Contexto que também gera o sedentarismo. Cada vez mais as pessoas vivem em escritórios e dentro de veículos. 

A falta de locais para se exercitar e a insegurança acabam servindo como justificativas para não praticar exercícios físicos, o que acarreta em inúmeras doenças potencializadas pelo stress mental e a poluição. 

Carlos Dora garante que este cenário pode ser mudado se os gestores públicos pensarem as cidades relacionando a mobilidade urbana com a saúde pública. 

"Uma estratégia para aumentar a média de exercício na população é aumentar a mobilidade. Fazer com que ela seja integrada à rotina diária", garante. 

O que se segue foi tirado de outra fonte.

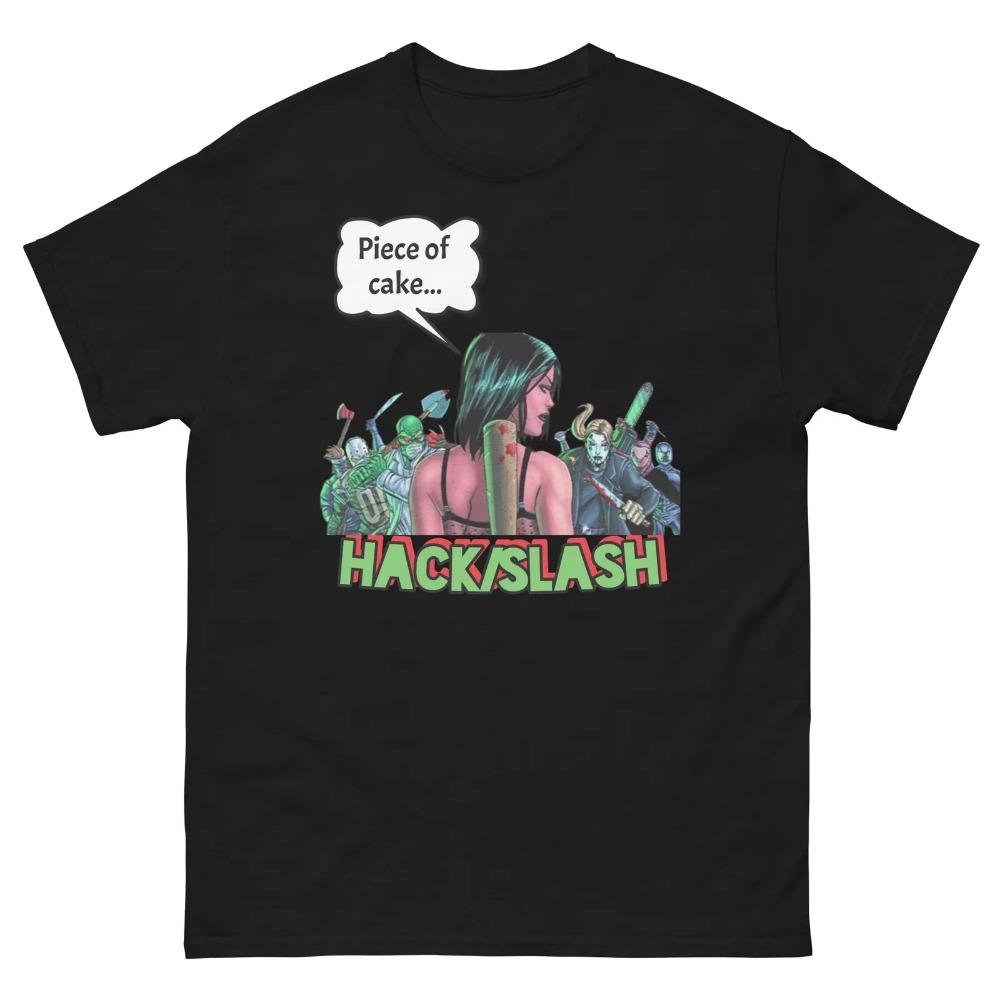 T-shirt Casual Larghe da Donna Taglie Forti Manica Corta Tendenza Moda Streetwear Abbigliamento Stampa Grafica Nyan Cat Estate Marca di Lusso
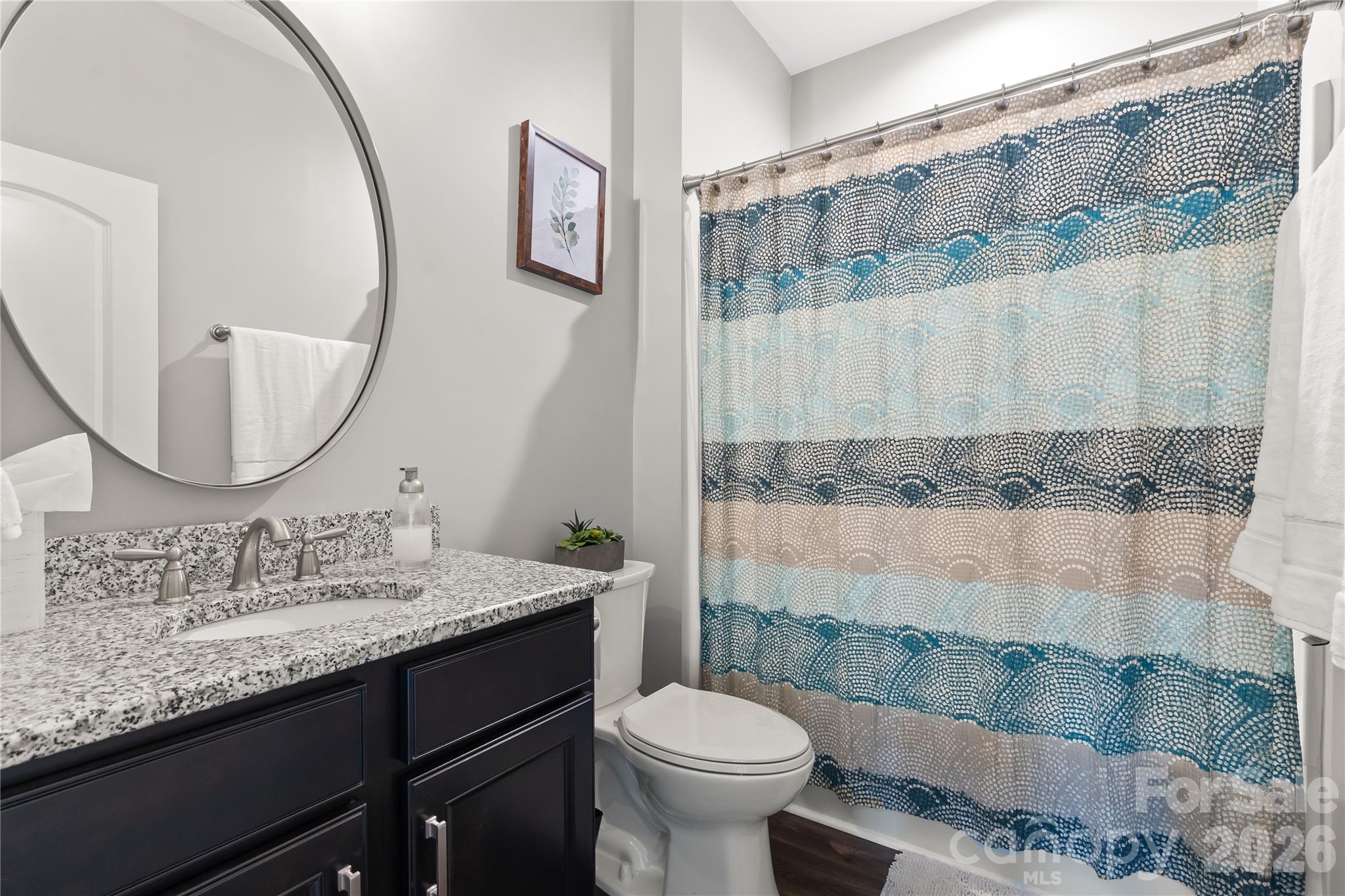 393 Vine Street Indian Land SC 29707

Conforme a OMS, o exercício físico reduz em 50% o risco de desenvolver câncer de cólon, doenças coronarianas, diabetes e obesidade. 

Quando as cidades oferecem um sistema de transporte público adequado e espaços para caminhadas de pequenas distâncias, as pessoas são incentivadas a se movimentarem mais. 

"Uma grande parte dos deslocamentos é feita em curtas distâncias e quando se faz isso com o automóvel o problema da poluição é agravado, pois o pico de emissões poluentes ocorre quando o veículo é ligado". 

Cidades europeias já conseguiram fazer isso, afirma Dora. Estes países primam pela aproximação do uso do solo, diferente do que ocorre em locais como Estados Unidos e Austrália, onde a dispersão do espaço urbano exige o uso de veículos automotores. 

"Nos últimos dez anos, vimos o início de um movimento que privilegia a bicicleta, o pedestre e o transporte público. Você faz das ruas algo prazeroso. 

Na década de 1990, era dificilíssimo falar na Europa em uso da bicicleta, mas isso mudou. 

Hoje, isso é sinônimo de cidade com boa qualidade de vida", conclui o representante da OMS.